KARAWANG | ONEDIGINEWS.COM | Kisruh pengelolaan limbah di PT. Sharp Electronics Indonesia yang berlokasi di Kawasan KIIC, Karawang, Jawa Barat, nampaknya semakin bergulir panas.
Setelah sebelumnya, Bumdes Desa Sirnabaya, kecamatan Telukjambe Timur, Kabupaten Karawang, Jawa Barat dilaporkan oleh PT. RAS (Pengelola limbah PT.Sharp Elektronics Indonesia saat ini) ke Kejaksaan Negeri Karawang.
Kini hadir, PT. Nusa Indah yang mengklaim sebagai perusahaan pengelola limbah pertama yang memiliki surat penunjukan dan surat perintah kerja (SPK) mengelola limbah bekas produksi PT. Sharp Electronics Indonesia sejak tahun 2012 lalu dari Kepala Desa Sirnabaya saat itu, Masuran dan dari PT. Sharp itu sendiri.
Ditemui usai sidang pertamanya, Direktur Utama PT. Nusa Indah, Eka Muharam, Senin (7/2/2022), yang didampingi Kuasa Hukumnya, Aneng Winengsih SH. MH., kepada Onediginews.com, menuturkan kronologis kejadian terkait permasalahan pengelolaan limbah PT. Sharp Electronics Indonesia yang dialaminya.
Melalui kuasa hukumnya, Eka Muharam pun menjelaskan, bahwa PT. Nusa Indah awalnya ditunjuk langsung oleh Kepala Desa Sirnabaya saat itu, Masuran sebagai mitra Desa untuk mengelola limbah di PT. Sharp Electronics Electronic Indonesia.

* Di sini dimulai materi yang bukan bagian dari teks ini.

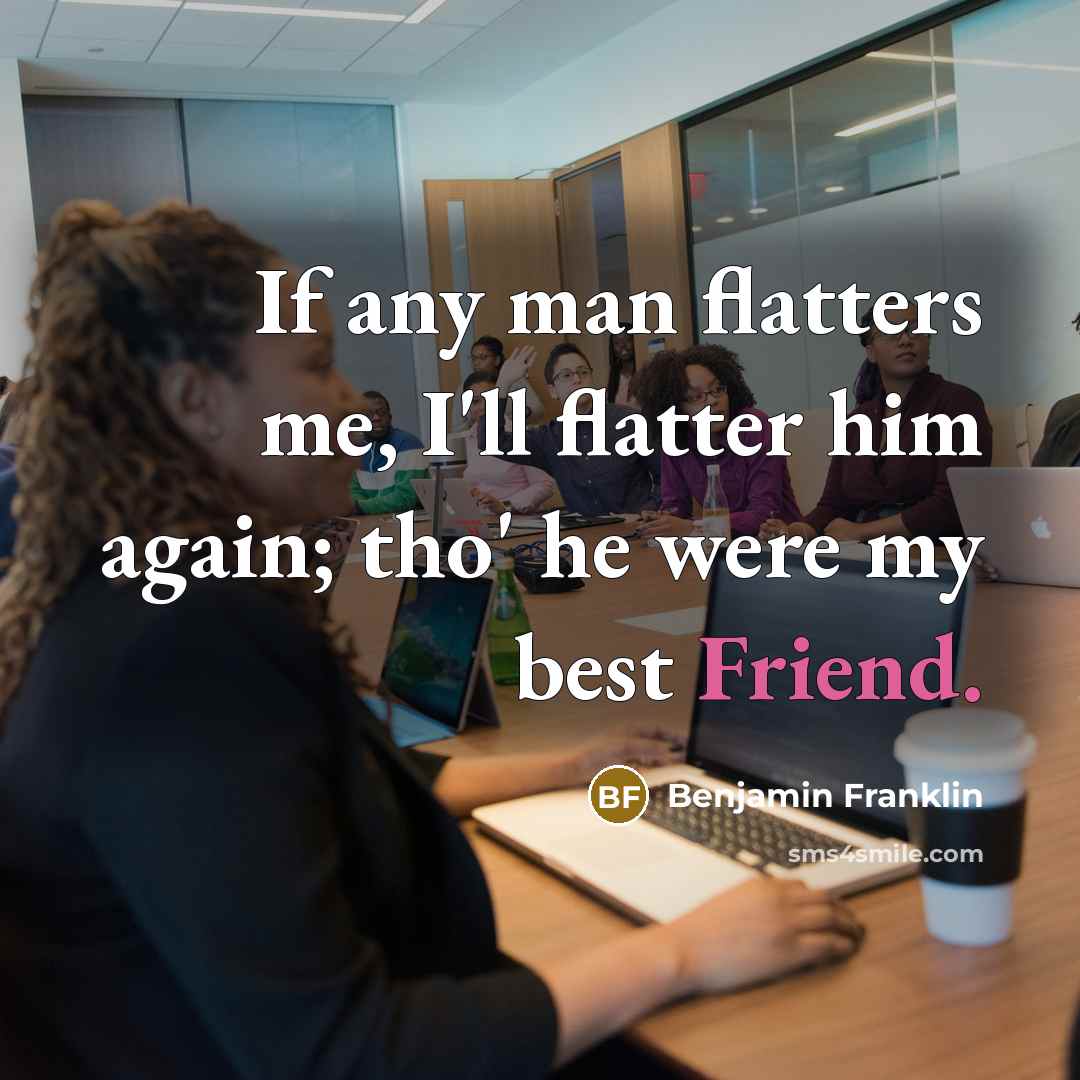 “If any man flatters me, I'll flatter him again; tho'…” quote by Benjamin Franklin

Kesepakatan pun dibuat pada tahun 2012 silam.
“Klien kami awal mulanya melakukan kerjasama pengelolaan limbah, yang ditunjuk oleh kepala desa pada tahun 2012 silam. Penunjukan kemitraan dari Desa sebagai pengelola limbah PT. Sharp Electronics Indonesia. Dan klien saya mendapatkan penunjukan dan Surat Perintah Kerja (SPK) dari PT. Sharp itu sendiri,” paparnya
Kerjasamapun berjalan lancar dan baik. namun pada bulan April tahun 2018, pihak desa sirnabaya menunjuk perusahaan lain yakni CV. Putra Kolong Mandiri dan PT.RAS sebelum menghentikan kerjasama dengan PT. Nusa Indah, dalam pengelolaan limbah PT.Sharp Electronics Indonesia.

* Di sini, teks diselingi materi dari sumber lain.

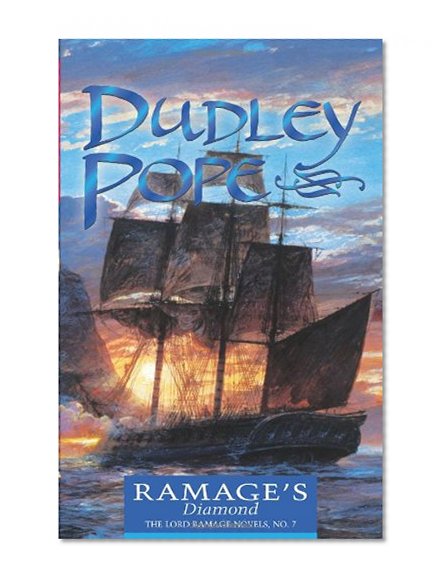 Ramage's Diamond (The Lord Ramage Novels) (Volume 7)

“Padahal dalam perjanjian kerjasama dengan klien kami, kemitraan dengan desa ini tidak ada masa jangka waktu habisnya. Dan dengan PT. Sharp pun SPK baru habis bulan Mei ditahun yang sama,” terang Aneng seraya di Aamiini Eka Muharam.

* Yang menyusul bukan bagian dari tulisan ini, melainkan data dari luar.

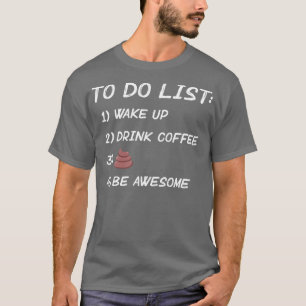 Camiseta Despierta Beba Café Poop Sé Asombroso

“Oleh karenanya kami menggugat ke pengadilan yakni, Kepala desa, PT Sharp, PT Rindu Alam Sejahtera dan CV. Putra Kolong, dengan adanya perbuatan tersebut. Yang diduga perbuatan melawan hukum, karena diduga menghentikan kerjasama dengan klien kami sebelum waktunya habis,” tegas Aneng lagi.
Kerjasama ini dihentikan oleh desa pada tahun 2018 sekitar bulan April. Sementara dengan PT. Sharp sendiri , perpanjangan SPK dilakukan setiap 5 tahun sekali. Dan baru habis di sekitar bulan Mei 2018, Ujar Aneng menambahkan.
“Semua bukti baik dari penunjukan pihak Desa dan dari PT. Sharp, semua bukti-buktinya ada dikita. Termasuk dari perusahaan sebelumnya dan ke perusahaan selanjutnya,” tandasnya.